To find the general solution of $a_{n+1}=a_n+3n^2-2$ make, as suggested, the Ansatz
$a_n= c_0+c_1 n+ c_2 n^2 +c_3 n^3$ and seek the coefficients $c_0,c_1,c_2,c_3$ for this third degree polynomial.
We have
$\begin{array}{rcl}
a_{n+1}&=&c_0 +c_1(n+1)+c_2(n+1)^2+c_3(n+1)^3 \\
&=& c_0+ c_1(n+1)+c_2(n^2+2n+1)+ c_3(n^3+3n^2+3n+1); \\
\Rightarrow a_{n+1}-a_n&=& c_1 + c_2(2n+1)+c_3(3n^2+3n+1) \\
&=&(c_1+c_2+c_3)+(3c_3+2c_2)n+3c_3 n^2.\\
\end{array}$
At the other hand we know that $a_{n+1}-a_n=-2+ 3n^2.$
Comparing the coefficients we get the linear system
$\begin{array}{rcl}
c_1+c_2+c_3&=& -2 \\
3c_3+2c_2&=& 0 \\
c_3 &=&1
\end{array} $
and from this $c_3=1, c_2=-3/2, c_1=-3/2.$ There remains at our disposal $c_0.$ Since we wish $a_0=3,$ we find $c_0=3.$
So the particular solution sought is
$ a_n= 3-\frac{3}{2}n-\frac{3}{2}n^2+n^3 = 3+ \frac{1}{2}n(-3-3n+2n^2) $
Addendum: Problems like these and much more complicated ones can also be solved by software for doing mathematics.

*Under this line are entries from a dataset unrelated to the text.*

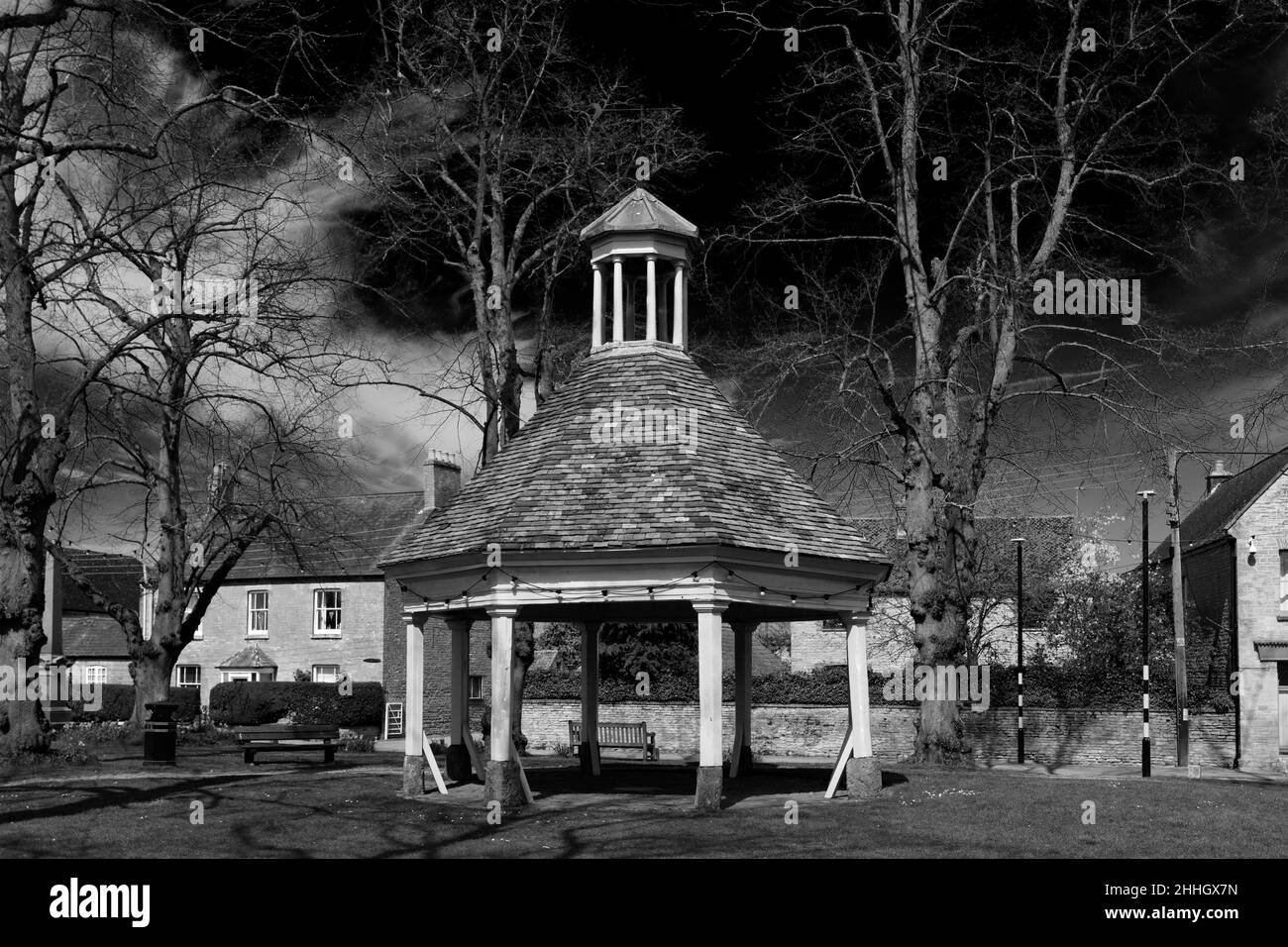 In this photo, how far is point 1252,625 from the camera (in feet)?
134

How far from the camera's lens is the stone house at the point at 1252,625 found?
38.7m

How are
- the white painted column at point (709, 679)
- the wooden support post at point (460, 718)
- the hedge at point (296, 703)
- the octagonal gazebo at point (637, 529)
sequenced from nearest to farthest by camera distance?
1. the white painted column at point (709, 679)
2. the octagonal gazebo at point (637, 529)
3. the wooden support post at point (460, 718)
4. the hedge at point (296, 703)

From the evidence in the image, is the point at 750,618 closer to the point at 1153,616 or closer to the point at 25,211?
the point at 25,211

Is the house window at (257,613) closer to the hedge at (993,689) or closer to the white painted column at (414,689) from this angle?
the hedge at (993,689)

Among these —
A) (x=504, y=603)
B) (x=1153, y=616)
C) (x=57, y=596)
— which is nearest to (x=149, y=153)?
(x=504, y=603)

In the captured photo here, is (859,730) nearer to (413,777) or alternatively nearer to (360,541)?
(413,777)

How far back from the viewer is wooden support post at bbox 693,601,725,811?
17078 millimetres

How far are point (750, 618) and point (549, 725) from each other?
22512mm

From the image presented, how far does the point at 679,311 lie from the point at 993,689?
22.9 m

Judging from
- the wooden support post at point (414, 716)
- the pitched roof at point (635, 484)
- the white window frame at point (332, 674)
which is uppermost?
the pitched roof at point (635, 484)

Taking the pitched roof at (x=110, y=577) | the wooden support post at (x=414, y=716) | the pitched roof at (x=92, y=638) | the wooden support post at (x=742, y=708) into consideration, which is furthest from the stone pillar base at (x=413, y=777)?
the pitched roof at (x=110, y=577)

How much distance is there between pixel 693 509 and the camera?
688 inches

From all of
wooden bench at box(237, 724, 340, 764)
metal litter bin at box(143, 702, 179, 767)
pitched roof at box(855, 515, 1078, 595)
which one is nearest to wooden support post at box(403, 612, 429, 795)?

For example
if you use in Mathematica\copyright the command RSolve
for solving recurrence relations, here in the form
RSolve[{a[n + 1] == a[n] + 3 n^2 - 2 , a[0] == 3 }, a, n] , it will immediately respond with
{{a -> Function[{n}, (1/2)(6 - 3n - 3n^2 + 2n^3)]}}
Books or articles on difference equations can be easily found in Wikipedia.